§ **Work order**
Transcribe only the part of the material below that begins at the line containing "Best Chicken Breeds" and ends at the line containing "Maltipoo Puppies❤️! Ready", with both kept and images left out.

§ **Records supplied**

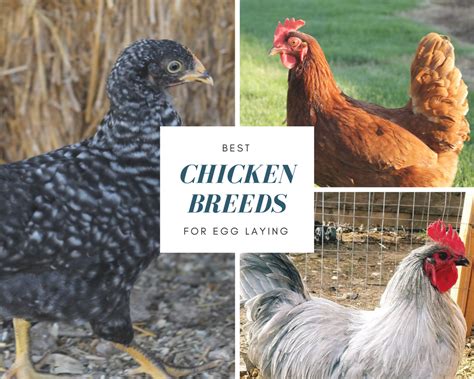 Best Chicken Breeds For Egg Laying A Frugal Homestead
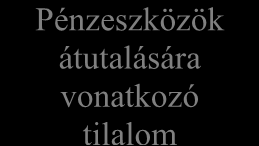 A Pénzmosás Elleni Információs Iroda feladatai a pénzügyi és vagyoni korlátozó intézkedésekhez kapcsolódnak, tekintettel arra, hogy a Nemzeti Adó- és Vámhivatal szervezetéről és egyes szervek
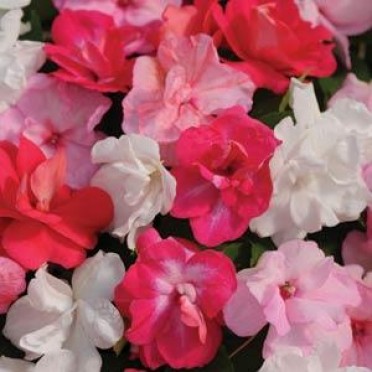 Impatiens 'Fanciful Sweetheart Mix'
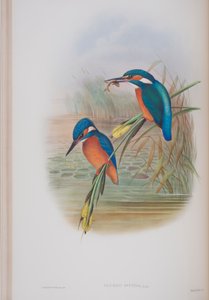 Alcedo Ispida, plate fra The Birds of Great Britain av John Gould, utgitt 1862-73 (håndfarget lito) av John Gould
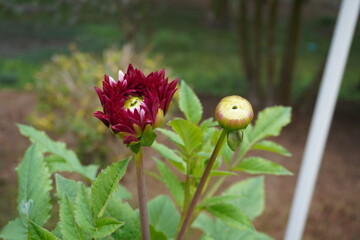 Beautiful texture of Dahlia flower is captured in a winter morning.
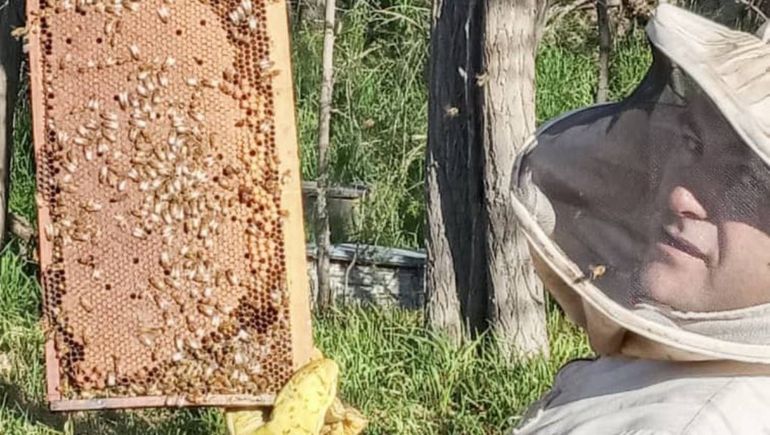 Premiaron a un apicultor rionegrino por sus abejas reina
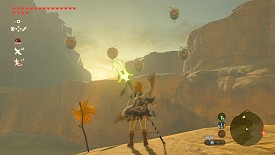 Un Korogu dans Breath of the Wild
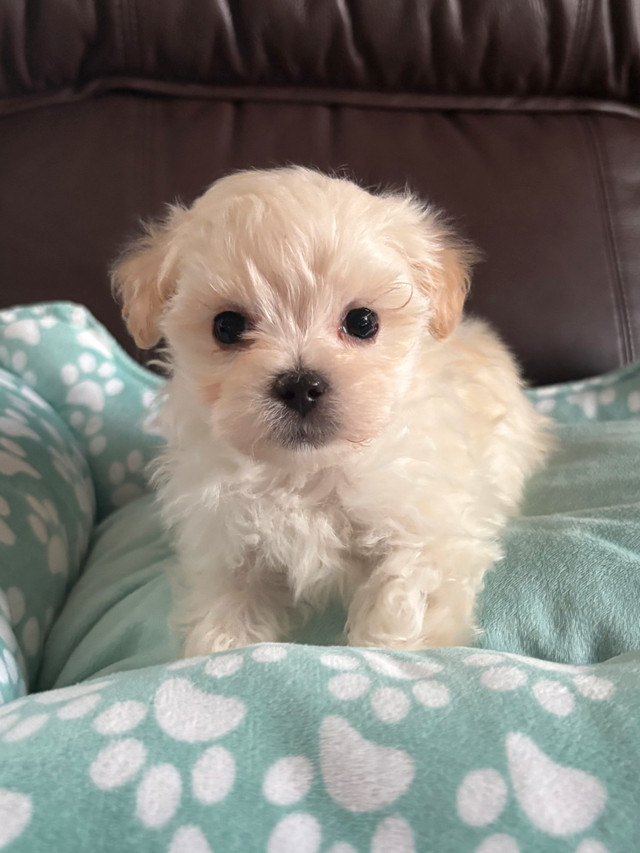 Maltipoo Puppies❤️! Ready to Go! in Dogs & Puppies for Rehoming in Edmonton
--
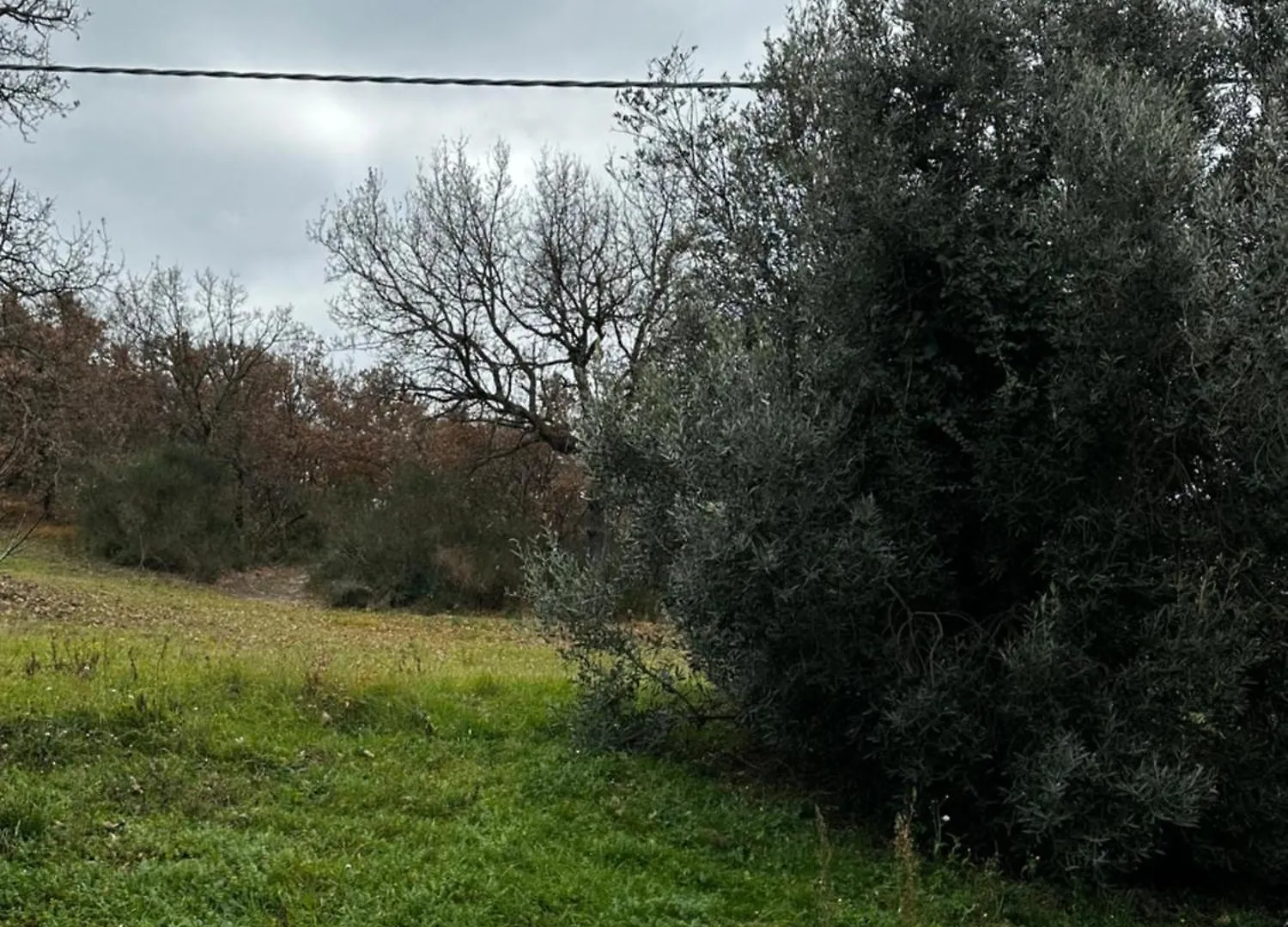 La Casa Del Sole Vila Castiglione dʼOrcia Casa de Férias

§ **Final answer**
 Best Chicken Breeds For Egg Laying A Frugal Homestead
 A Pénzmosás Elleni Információs Iroda feladatai a pénzügyi és vagyoni korlátozó intézkedésekhez kapcsolódnak, tekintettel arra, hogy a Nemzeti Adó- és Vámhivatal szervezetéről és egyes szervek
 Impatiens 'Fanciful Sweetheart Mix'
 Alcedo Ispida, plate fra The Birds of Great Britain av John Gould, utgitt 1862-73 (håndfarget lito) av John Gould
 Beautiful texture of Dahlia flower is captured in a winter morning.
 Premiaron a un apicultor rionegrino por sus abejas reina
 Un Korogu dans Breath of the Wild
 Maltipoo Puppies❤️! Ready to Go! in Dogs & Puppies for Rehoming in Edmonton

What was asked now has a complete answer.